Step 7: Install the New Gutters
Before you climb the ladder to mount your gutters, set each gutter section by the ladder in the order they will be installed. This way, it becomes easier for your helper to hand them to you.
- Place each run of the gutter into the fascia brackets that you installed earlier along the slope line.
- Rotate the gutter upwards to slip its back edge into the hooks at each bracket’s top.
- Once the gutter is in the brackets, drill 3/26-inch-diameter holes through each bracket’s screw mounting hole.
- Secure the gutter with 1-inch stainless steel screws and flanged nuts to the brackets.
- If there are multiple sections of the gutter in a run, use a gutter sealant to put them together.
Step 8: Affix Strip Miter Joints at Corners
If two lengths of gutter are meeting at a corner, cover the joint between each with a strip miter.
- Use a 3-inch-wide aluminum strip miter and wrap it tightly around the underside of the gutter.
- Secure it with eight pop rivets.
- Use snips to cut a triangular section from the top of the strip miter, and fold the two flaps around the top edge of the gutter.
- Seal the joints with a siliconized caulk.
Step 9: Attach and Secure the Downspouts to the Gutter
You’re almost there. It’s time to attach the downspouts that will carry water away from your house.
- Screw downspout elbow brackets on the corner board of your home at three points; top, middle, and bottom.
- Use four pop rivets or screws to attach the downspout outlet to your gutter.
- Then, screw a downspout elbow to the outlet tube coming down from the gutter.
- Place another elbow against the wall, measure the distance between the two elbows, and cut a piece of downspout to fit there.
- Crimp the elbow as needed with needlenose pliers so that it fits the downspout.
- Add a drainpipe extension at the bottom that will carry water away from the foundation.
- Attach all the parts with screws or pop rivets.
When To Hire a Pro
Working on a ladder with lots of tools and materials can be dangerous. A few simple mistakes can lead to problems or add to the project’s overall cost. It makes you wonder if and when to call a professional for help. Let’s take a look at both options:
DIY When:
- You have some DIY experience and are a handy DIYer generally.
- You have all the right tools and equipment.
- You’re completely familiar with your home’s guttering system.
- You have plenty of time to devote to this lengthy project.

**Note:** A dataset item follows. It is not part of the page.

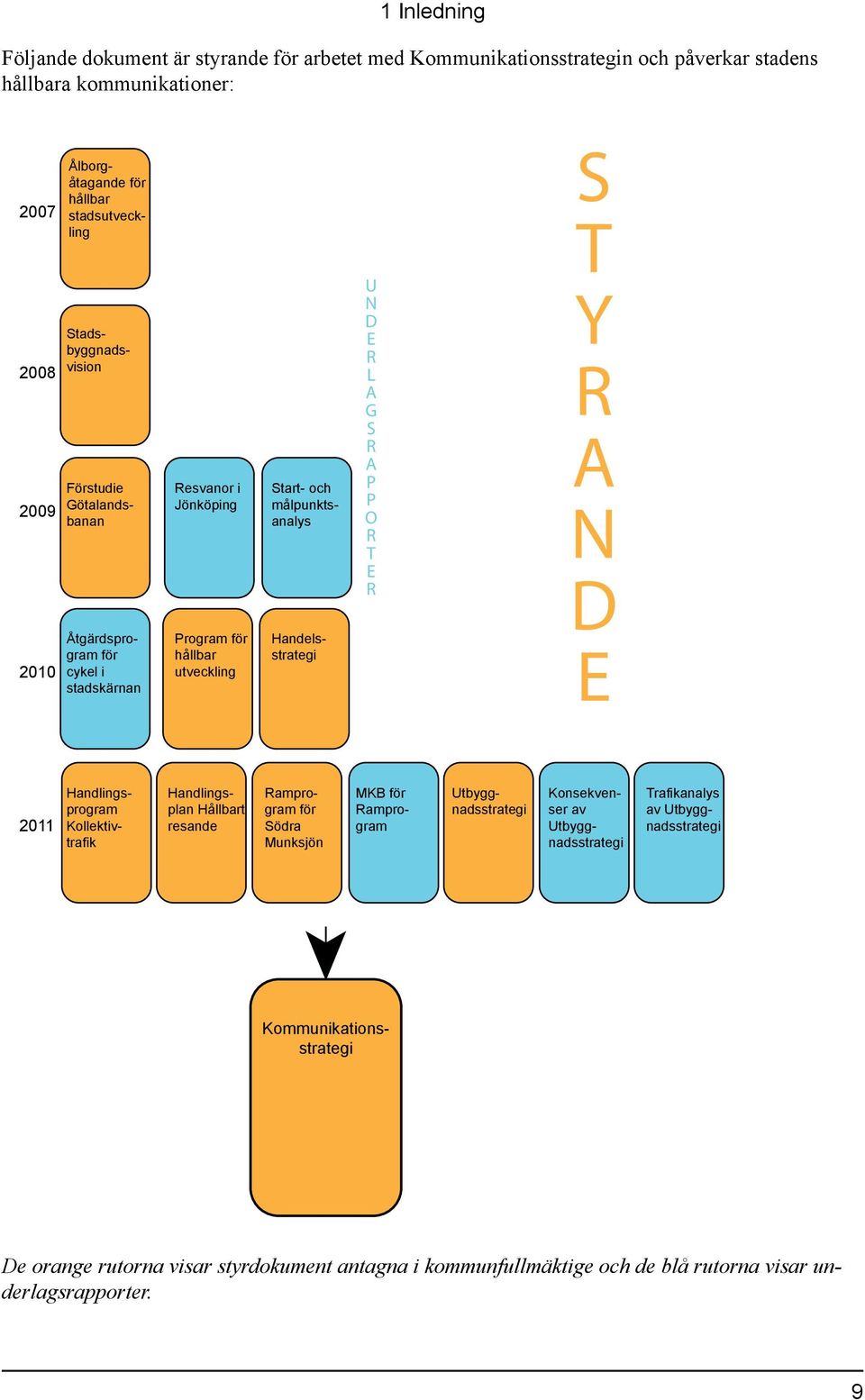 A G S R A P P O R T E R S T Y R A N D E 2011 Handlingsprogram Kollektivtrafik Handlingsplan Hållbart resande Ramprogram för Södra Munksjön MKB för Ramprogram Utbyggnadsstrategi Konsekvenser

- You have a helper who can assist you throughout the process.
Hire a Pro When:
- You don’t know the first thing about gutters and don’t know which gutters to get for your home.
- You are not confident on the ladder due to a lack of experience.
- Your gutters are still under warranty. Professional installation will cost you nothing.
- Your fascia is damaged and needs lots of repairs before new installation.
FAQs
What is the easiest type of gutter to install?
Out of all the different gutter types, vinyl and aluminum gutters are the most popular, and for a good reason. They come in pieces that you can easily join together, simplifying installation. Plus, they’re not too heavy, so lifting them on a ladder is not hard.
Is it easy to replace a gutter without help?
No. You need at least one person to assist you when you install or replace gutters since they are long, heavy, and difficult to handle. Your helper will monitor the ladder and hand you the tools and materials you need to mark and mount the gutters on your roof.
How often should you replace gutters?
Generally, gutters last around 20 years with proper maintenance, but weather and material have a huge impact on longevity too. However, keep monitoring for signs that indicate a need to change gutters (as discussed above).
Let’s Hang (Gutters)
Gutter installation is typically a professional’s job, but there’s no reason you can’t do it yourself if you follow the proper procedure and safety precautions.
It’s also important to remember that the appearance and functionality of your new gutters depend on how well you maintain them. Keep up with regular gutter cleaning, installing gutter guards, periodic inspections, etc. to make sure your gutters are in tip-top shape throughout the year.